WHAT YOU HAVE TO DO – From the listing below, retype exactly the line holding "Jdy Wide Leg Linen Blend Trousers - Natural", the line holding "Light Blue Empire", and the lines between them; skip everything else.

━━ DATA EXTRACTS ━━

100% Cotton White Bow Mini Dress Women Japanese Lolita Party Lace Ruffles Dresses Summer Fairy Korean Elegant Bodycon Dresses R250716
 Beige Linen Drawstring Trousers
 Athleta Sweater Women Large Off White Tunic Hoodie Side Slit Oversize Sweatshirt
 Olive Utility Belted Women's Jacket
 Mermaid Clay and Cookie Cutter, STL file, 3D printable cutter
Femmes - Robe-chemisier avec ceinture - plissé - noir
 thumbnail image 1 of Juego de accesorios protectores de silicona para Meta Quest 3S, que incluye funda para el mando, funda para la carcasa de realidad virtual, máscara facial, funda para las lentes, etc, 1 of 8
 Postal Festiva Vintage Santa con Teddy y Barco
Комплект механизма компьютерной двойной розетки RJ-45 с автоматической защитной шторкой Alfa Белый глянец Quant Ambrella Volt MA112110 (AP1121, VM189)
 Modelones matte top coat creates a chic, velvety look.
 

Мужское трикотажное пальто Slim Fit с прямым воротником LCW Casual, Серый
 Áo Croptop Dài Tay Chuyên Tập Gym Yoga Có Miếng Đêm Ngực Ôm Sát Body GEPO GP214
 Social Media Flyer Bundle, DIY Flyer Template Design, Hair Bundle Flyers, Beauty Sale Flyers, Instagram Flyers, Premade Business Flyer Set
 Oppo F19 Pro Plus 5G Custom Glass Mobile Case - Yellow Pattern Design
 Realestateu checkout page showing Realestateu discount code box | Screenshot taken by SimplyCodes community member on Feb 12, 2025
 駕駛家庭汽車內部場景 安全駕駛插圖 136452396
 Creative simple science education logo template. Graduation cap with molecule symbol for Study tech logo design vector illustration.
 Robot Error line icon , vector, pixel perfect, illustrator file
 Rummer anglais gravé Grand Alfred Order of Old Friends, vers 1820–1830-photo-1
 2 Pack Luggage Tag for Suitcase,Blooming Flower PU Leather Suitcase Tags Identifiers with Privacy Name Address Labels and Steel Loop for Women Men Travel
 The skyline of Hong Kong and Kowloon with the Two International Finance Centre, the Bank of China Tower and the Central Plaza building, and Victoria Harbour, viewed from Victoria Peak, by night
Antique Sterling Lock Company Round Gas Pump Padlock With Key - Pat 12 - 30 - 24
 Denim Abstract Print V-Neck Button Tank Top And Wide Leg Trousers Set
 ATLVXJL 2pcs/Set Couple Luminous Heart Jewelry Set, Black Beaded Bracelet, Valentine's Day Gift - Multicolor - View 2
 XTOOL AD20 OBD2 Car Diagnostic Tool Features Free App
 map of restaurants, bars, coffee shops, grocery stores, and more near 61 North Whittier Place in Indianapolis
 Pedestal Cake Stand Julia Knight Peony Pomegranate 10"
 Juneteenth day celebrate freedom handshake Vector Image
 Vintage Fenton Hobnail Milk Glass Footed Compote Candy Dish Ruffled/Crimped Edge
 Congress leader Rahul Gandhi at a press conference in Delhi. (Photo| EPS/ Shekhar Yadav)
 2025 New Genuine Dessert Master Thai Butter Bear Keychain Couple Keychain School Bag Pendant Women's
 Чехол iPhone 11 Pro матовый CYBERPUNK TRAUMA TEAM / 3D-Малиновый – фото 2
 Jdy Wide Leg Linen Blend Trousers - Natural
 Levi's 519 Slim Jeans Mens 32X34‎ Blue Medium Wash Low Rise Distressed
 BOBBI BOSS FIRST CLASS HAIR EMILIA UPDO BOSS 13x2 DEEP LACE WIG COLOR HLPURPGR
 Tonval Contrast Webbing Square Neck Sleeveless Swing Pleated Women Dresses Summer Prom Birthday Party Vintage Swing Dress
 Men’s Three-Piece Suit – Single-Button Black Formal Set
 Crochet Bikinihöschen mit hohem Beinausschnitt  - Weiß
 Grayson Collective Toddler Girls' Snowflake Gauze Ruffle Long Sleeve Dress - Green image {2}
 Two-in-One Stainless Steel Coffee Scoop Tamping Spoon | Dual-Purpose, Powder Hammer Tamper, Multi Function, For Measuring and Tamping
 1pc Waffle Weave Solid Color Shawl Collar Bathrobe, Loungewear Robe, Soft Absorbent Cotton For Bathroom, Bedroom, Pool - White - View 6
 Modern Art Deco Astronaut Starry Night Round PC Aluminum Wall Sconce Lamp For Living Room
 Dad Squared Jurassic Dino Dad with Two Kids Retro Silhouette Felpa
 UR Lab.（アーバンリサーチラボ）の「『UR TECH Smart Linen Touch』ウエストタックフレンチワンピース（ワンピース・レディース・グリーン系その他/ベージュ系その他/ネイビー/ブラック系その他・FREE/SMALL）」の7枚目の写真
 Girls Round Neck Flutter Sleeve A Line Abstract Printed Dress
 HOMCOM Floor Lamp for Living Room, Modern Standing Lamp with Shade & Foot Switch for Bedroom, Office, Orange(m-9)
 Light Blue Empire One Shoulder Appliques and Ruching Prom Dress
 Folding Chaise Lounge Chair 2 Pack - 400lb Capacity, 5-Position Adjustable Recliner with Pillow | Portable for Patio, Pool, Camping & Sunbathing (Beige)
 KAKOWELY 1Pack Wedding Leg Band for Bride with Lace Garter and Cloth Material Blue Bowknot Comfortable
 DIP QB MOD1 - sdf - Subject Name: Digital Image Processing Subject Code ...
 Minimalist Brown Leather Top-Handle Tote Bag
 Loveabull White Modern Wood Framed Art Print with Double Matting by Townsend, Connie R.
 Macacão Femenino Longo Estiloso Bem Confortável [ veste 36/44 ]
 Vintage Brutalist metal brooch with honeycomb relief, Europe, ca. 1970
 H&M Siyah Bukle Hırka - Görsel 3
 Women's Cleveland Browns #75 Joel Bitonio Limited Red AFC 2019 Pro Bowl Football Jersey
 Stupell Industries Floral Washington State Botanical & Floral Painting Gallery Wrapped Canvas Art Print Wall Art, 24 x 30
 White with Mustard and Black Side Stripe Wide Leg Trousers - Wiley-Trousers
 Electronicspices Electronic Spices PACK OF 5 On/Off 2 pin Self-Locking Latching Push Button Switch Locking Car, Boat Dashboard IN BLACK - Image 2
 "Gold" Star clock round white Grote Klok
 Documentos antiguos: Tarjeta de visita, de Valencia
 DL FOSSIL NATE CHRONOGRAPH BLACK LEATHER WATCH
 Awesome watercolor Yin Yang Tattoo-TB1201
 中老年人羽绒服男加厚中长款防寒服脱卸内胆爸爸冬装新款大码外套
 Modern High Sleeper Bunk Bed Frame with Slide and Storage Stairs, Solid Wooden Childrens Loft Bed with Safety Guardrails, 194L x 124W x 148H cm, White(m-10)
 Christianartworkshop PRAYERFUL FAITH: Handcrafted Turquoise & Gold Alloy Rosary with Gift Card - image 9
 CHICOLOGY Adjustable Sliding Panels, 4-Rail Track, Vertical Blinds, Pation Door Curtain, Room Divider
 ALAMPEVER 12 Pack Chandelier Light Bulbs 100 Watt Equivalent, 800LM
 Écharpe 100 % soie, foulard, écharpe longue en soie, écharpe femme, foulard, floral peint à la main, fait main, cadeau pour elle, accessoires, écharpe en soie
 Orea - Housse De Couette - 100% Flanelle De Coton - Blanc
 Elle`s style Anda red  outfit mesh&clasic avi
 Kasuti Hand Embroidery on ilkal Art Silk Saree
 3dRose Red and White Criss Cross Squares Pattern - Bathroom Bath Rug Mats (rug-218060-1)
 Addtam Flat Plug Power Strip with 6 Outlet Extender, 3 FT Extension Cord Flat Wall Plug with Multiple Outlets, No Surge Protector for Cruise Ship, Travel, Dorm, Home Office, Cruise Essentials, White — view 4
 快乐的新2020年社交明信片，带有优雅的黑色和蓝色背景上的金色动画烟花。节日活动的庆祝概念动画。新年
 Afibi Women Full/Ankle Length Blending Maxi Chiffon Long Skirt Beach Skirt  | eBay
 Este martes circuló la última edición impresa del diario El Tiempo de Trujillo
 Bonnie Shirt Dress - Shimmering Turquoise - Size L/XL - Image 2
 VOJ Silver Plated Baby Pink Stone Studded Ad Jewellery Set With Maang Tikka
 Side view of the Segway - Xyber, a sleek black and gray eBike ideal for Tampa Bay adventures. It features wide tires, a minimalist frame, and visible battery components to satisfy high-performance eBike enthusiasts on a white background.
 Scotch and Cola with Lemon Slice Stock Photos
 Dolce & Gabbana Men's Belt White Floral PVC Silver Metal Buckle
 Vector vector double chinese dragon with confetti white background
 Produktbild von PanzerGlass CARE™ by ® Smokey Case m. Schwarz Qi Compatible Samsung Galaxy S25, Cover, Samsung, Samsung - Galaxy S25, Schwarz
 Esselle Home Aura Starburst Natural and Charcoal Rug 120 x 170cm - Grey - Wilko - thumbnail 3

━━━

RESPONSE AREA –
 Jdy Wide Leg Linen Blend Trousers - Natural
 Levi's 519 Slim Jeans Mens 32X34‎ Blue Medium Wash Low Rise Distressed
 BOBBI BOSS FIRST CLASS HAIR EMILIA UPDO BOSS 13x2 DEEP LACE WIG COLOR HLPURPGR
 Tonval Contrast Webbing Square Neck Sleeveless Swing Pleated Women Dresses Summer Prom Birthday Party Vintage Swing Dress
 Men’s Three-Piece Suit – Single-Button Black Formal Set
 Crochet Bikinihöschen mit hohem Beinausschnitt  - Weiß
 Grayson Collective Toddler Girls' Snowflake Gauze Ruffle Long Sleeve Dress - Green image {2}
 Two-in-One Stainless Steel Coffee Scoop Tamping Spoon | Dual-Purpose, Powder Hammer Tamper, Multi Function, For Measuring and Tamping
 1pc Waffle Weave Solid Color Shawl Collar Bathrobe, Loungewear Robe, Soft Absorbent Cotton For Bathroom, Bedroom, Pool - White - View 6
 Modern Art Deco Astronaut Starry Night Round PC Aluminum Wall Sconce Lamp For Living Room
 Dad Squared Jurassic Dino Dad with Two Kids Retro Silhouette Felpa
 UR Lab.（アーバンリサーチラボ）の「『UR TECH Smart Linen Touch』ウエストタックフレンチワンピース（ワンピース・レディース・グリーン系その他/ベージュ系その他/ネイビー/ブラック系その他・FREE/SMALL）」の7枚目の写真
 Girls Round Neck Flutter Sleeve A Line Abstract Printed Dress
 HOMCOM Floor Lamp for Living Room, Modern Standing Lamp with Shade & Foot Switch for Bedroom, Office, Orange(m-9)
 Light Blue Empire One Shoulder Appliques and Ruching Prom Dress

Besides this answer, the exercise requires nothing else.